Ce désespoir grandissant a été tragiquement illustré par l’immolation publique d’un employé municipal et par les manifestations massives de boulangers protestant contre la flambée des prix.
Le seuil de pauvreté à 55 millions de tomans
Les analystes économiques et les rapports de terrain dressent un tableau sombre d’hyperinflation et d’effondrement du niveau de vie. Le seuil de pauvreté pour une famille de quatre personnes est désormais fixé à plus de 55 millions de tomans.
Ce chiffre contraste fortement avec le salaire national moyen, estimé à environ 17 millions de tomans, privant ainsi une grande partie de la population des moyens de subvenir à ses besoins essentiels.
Selon certaines sources, l’inflation alimentaire a atteint 100 % au cours de l’année écoulée, le prix des produits de base comme le pain et les céréales ayant doublé. Malgré les affirmations du gouvernement quant à la réduction de l’inflation, les critiques accusent le régime de « politiser » l’indice et de dissimuler la réalité de la baisse du pouvoir d’achat des ménages, qui contraint les familles à se passer de certains aliments comme la viande et les fruits.
Hamid Haj-Esmaeili, expert du marché du travail, a averti que le seuil de pauvreté de 55 millions de tomans pourrait encore augmenter d’ici la fin de l’année. Cette crise est aggravée par un déficit mensuel de 35 000 milliards de tomans dans la Caisse de sécurité sociale et par une économie informelle florissante qui représenterait désormais plus de 55 % du marché, érodant les droits des travailleurs et le contrôle de leur activité.
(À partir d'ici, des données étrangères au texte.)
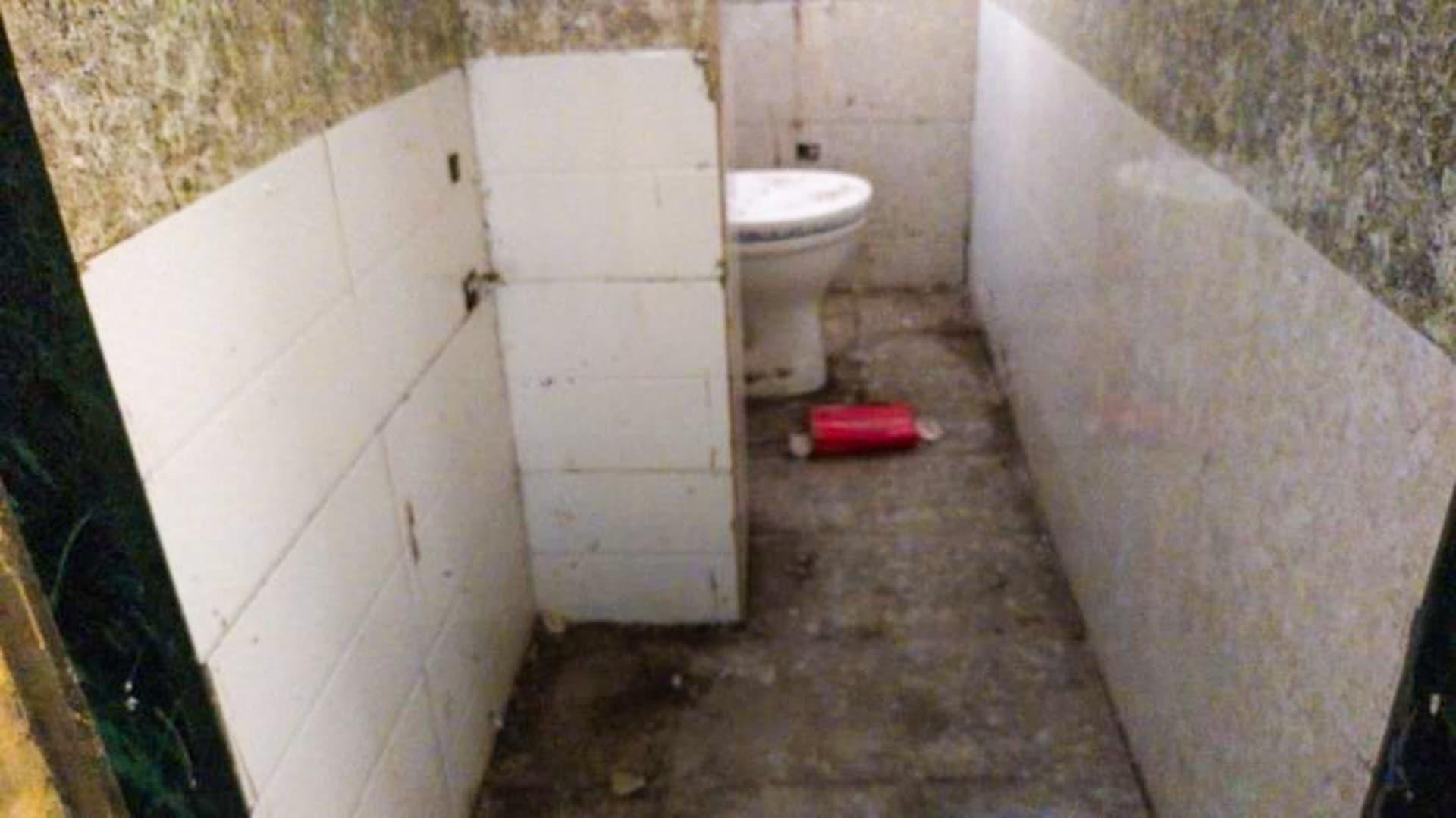Property Photos 3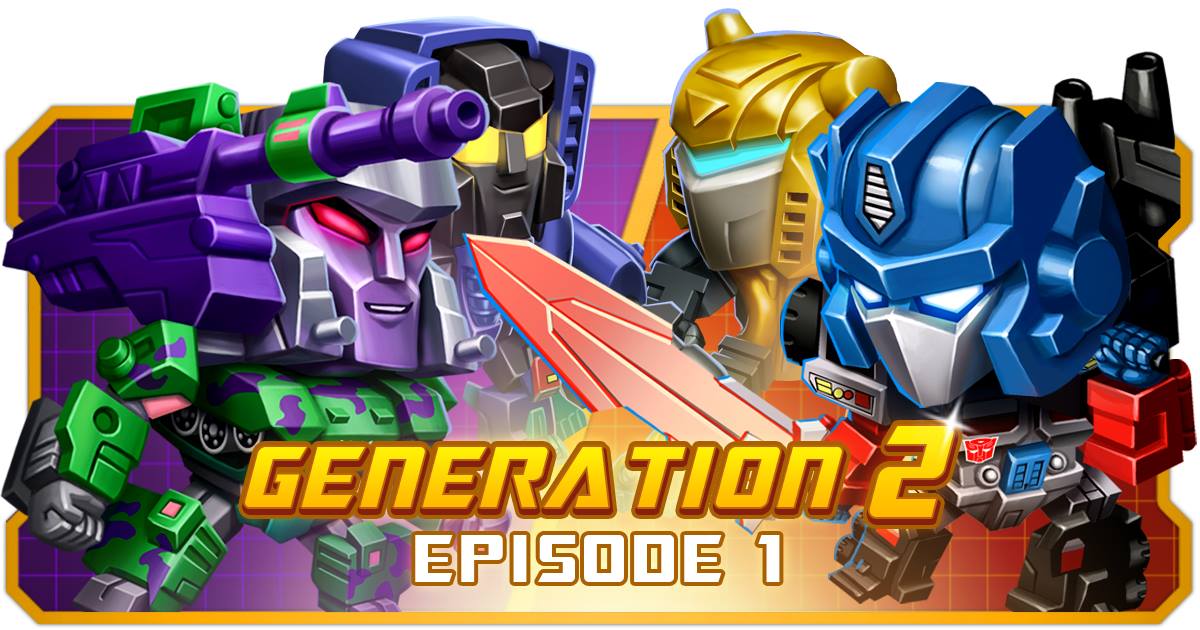 Battle-Tactics_1432349721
Pénurie d’eau critique à Téhéran et dans 46 autres villes
Parallèlement à une autre crise, tout aussi urgente, les autorités ont lancé un avertissement alarmant concernant l’approvisionnement en eau du pays. Le 16 novembre, Isa Bozorgzadeh, porte-parole du secteur de l’eau, a annoncé que les barrages de Téhéran ne contenaient suffisamment d’eau que jusqu’à la fin du mois d’Aban du calendrier persan (fin novembre).
La crise ne se limite pas à la capitale. Au total, 46 villes, dont d’importants centres urbains comme Mashhad, Tabriz et Ispahan, seraient confrontées à de graves pénuries d’eau.
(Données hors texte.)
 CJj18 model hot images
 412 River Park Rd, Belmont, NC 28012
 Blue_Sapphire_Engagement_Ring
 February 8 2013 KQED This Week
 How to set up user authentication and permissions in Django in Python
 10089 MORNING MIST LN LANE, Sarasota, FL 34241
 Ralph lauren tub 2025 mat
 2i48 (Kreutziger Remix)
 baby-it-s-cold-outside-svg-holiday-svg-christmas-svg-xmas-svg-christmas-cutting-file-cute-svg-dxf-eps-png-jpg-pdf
La réaction du gouvernement a suscité de vives critiques. Selon un rapport du site web Eghtesad 120, proche du pouvoir, un expert affilié à l’État a fustigé les autorités pour leur manque de planification cohérente. Cet expert a notamment qualifié la suggestion du président d’« évacuer Téhéran » d’« étrange et incompréhensible », demandant : « Qu’est-ce que cela signifie ? Où allons-nous les emmener ? Dans le désert de Qom ? »
Grossissement du mécontentement social
La pression économique extrême a déclenché des actes de protestation désespérés. Dimanche 16 novembre, des informations circulant sur les réseaux sociaux ont indiqué que Fereydoon Rostami, employé municipal de longue date à Marivan, s’était immolé par le feu pour protester contre les « pressions et menaces des agents de sécurité ». Ses collègues auraient éteint les flammes, mais les forces de sécurité auraient bouclé le secteur pour empêcher la diffusion d’informations.
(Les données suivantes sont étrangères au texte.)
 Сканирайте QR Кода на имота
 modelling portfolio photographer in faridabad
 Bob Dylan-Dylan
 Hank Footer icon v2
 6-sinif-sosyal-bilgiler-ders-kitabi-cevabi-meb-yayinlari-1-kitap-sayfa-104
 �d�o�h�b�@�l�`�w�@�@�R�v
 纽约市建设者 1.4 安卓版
Parallèlement, la hausse du prix du pain a déclenché des manifestations de boulangers à Mashhad, Ahvaz, Téhéran et dans d’autres villes. Selon l’agence de presse ILNA, les boulangers protestent contre le non-versement par le gouvernement des subventions promises, alors même que le prix du pain a doublé au cours de l’année écoulée. L’agence prévient que les augmentations de prix officielles à Mashhad risquent de se généraliser à l’échelle nationale, portant un nouveau coup dur au budget des ménages.
Les analystes cités dans les rapports décrivent la situation comme un effondrement progressif dû à une mauvaise gestion systémique. Ils considèrent le seuil de pauvreté de 55 millions de tomans non pas comme une simple statistique, mais comme un symbole d’effondrement économique qui pousse la société iranienne vers une explosion sociale.